> _The input_:
§ §

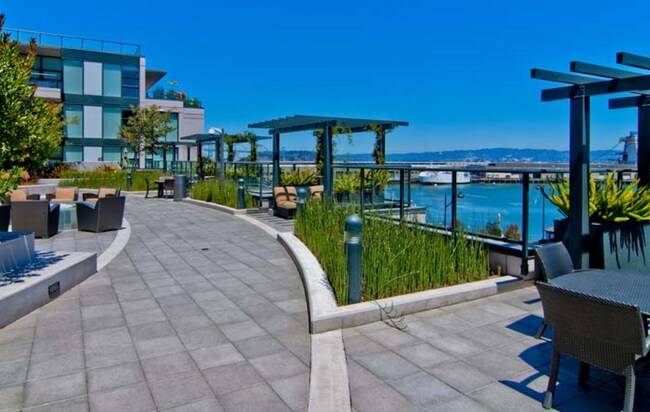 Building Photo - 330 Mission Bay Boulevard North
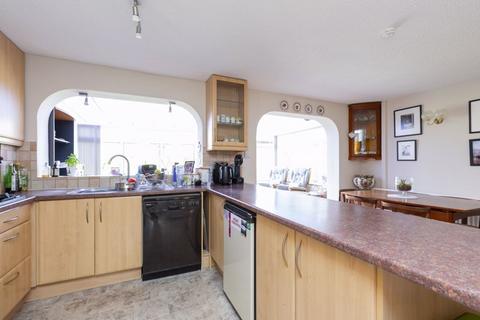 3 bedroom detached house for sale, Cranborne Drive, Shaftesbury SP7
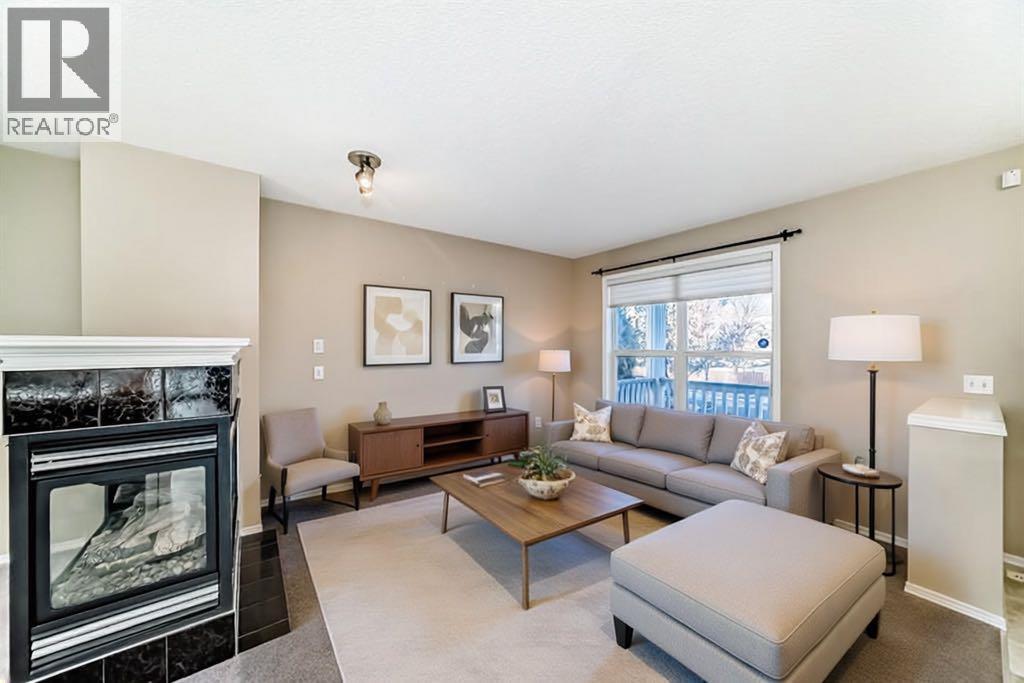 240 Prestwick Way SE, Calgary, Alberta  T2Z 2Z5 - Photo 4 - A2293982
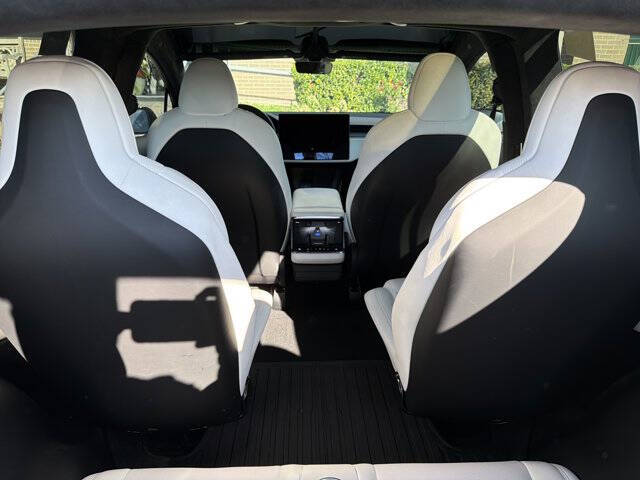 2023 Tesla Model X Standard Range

§ §

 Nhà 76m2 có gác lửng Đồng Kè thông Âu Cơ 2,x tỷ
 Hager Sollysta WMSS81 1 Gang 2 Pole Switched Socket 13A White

§ §

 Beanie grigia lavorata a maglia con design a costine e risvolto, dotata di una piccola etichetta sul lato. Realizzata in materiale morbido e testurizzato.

§ §

> _Exercise directions_: Each line above starting at the one holding "3 bedroom detached" and ending at the one holding "2023 Tesla Model X Standard Range" should be set down exactly as it stands, both ends included, with no pictures.

> _Written reply_:
 3 bedroom detached house for sale, Cranborne Drive, Shaftesbury SP7
 240 Prestwick Way SE, Calgary, Alberta  T2Z 2Z5 - Photo 4 - A2293982
 2023 Tesla Model X Standard Range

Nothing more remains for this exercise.